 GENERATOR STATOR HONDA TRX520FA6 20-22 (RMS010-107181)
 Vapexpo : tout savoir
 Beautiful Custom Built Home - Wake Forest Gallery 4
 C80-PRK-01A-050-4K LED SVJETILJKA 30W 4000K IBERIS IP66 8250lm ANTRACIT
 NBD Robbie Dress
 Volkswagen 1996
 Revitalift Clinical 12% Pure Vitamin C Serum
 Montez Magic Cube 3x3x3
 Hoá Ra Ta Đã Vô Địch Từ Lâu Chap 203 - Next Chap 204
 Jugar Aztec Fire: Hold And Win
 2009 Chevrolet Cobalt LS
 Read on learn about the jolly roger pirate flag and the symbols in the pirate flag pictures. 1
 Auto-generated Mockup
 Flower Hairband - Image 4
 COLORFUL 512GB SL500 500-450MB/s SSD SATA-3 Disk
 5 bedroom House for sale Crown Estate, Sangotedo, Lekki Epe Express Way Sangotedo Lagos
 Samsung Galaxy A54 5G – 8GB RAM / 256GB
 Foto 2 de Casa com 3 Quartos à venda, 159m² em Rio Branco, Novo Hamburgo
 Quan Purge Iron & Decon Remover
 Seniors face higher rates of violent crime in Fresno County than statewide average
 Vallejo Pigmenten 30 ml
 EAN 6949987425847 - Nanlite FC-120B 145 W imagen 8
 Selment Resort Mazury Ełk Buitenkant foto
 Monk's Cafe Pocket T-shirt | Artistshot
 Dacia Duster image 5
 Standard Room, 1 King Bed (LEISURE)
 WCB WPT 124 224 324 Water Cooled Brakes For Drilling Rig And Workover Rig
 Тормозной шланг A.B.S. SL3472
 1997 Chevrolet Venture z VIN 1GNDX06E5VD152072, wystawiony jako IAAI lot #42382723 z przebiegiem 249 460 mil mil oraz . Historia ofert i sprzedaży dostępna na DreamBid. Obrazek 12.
+ + +
▶ [Work instructions] Would you print, exactly as written, every line above from the one holding "Jugar Aztec Fire: Hold And Win" through the one holding "COLORFUL 512GB SL500", with both included and no other lines?

▶ [Written solution]
 Jugar Aztec Fire: Hold And Win
 2009 Chevrolet Cobalt LS
 Read on learn about the jolly roger pirate flag and the symbols in the pirate flag pictures. 1
 Auto-generated Mockup
 Flower Hairband - Image 4
 COLORFUL 512GB SL500 500-450MB/s SSD SATA-3 Disk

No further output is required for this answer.